Clearly, the construction industry is in dire need of reform. Barry B. LePatner has been prominently ranked among the nation’s preeminent construction attorneys and has spent the last three decades as a construction lawyer on the inside of the process. From representing some of the nation’s most significant corporations, institutions, and developers to the world’s most eminent architects and engineers, he has seen firsthand how the construction industry wastes over $120 billion annually.
Broken Buildings, Busted Budgets tells the story of the United States’ construction industry—one that consumes $1.23 trillion a year, yet ranks highest among industries on the “waste and inefficiency” scale, and lowest in the amount of money invested annually in technology.
LePatner builds a powerful case for much-needed change to a risk-averse industry plagued with weak management, a shortage of capital, and ineffective supervision.

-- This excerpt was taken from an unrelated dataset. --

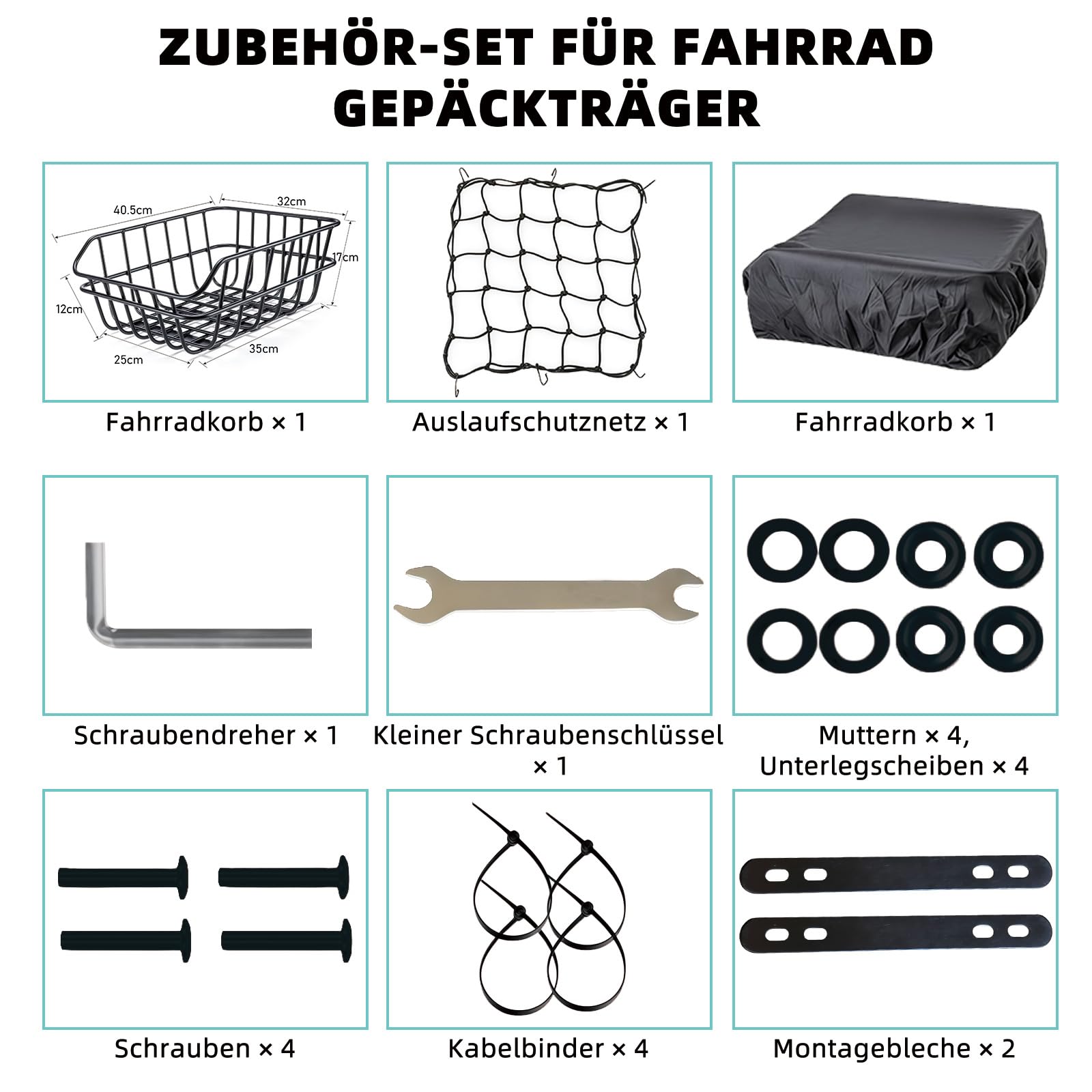 W&H Fahrradkorb Hinten Faltbar, Fahrrad Korb Metall Groß Klappbarer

He pinpoints two main issues that underlie the industry’s woes: the lack of a true fixed-price contract and the absence of intermediaries to aggressively represent the interests of all owners of construction projects. Contractors work today in much the same way they have for centuries. By controlling all information related to the cost of a project, contractors operate as monopolists—facing little risk and unchecked by a healthy fear of being easily replaced.
Broken Buildings, Busted Budgets has been written to help you—the potential purchaser of a new office building or home or highway or dam—understand how the industry functions and why it is so inefficient. Armed with the most powerful weapon—valuable business information—you will have a fighting chance to get the building you want, when you want it, for the price you agreed upon.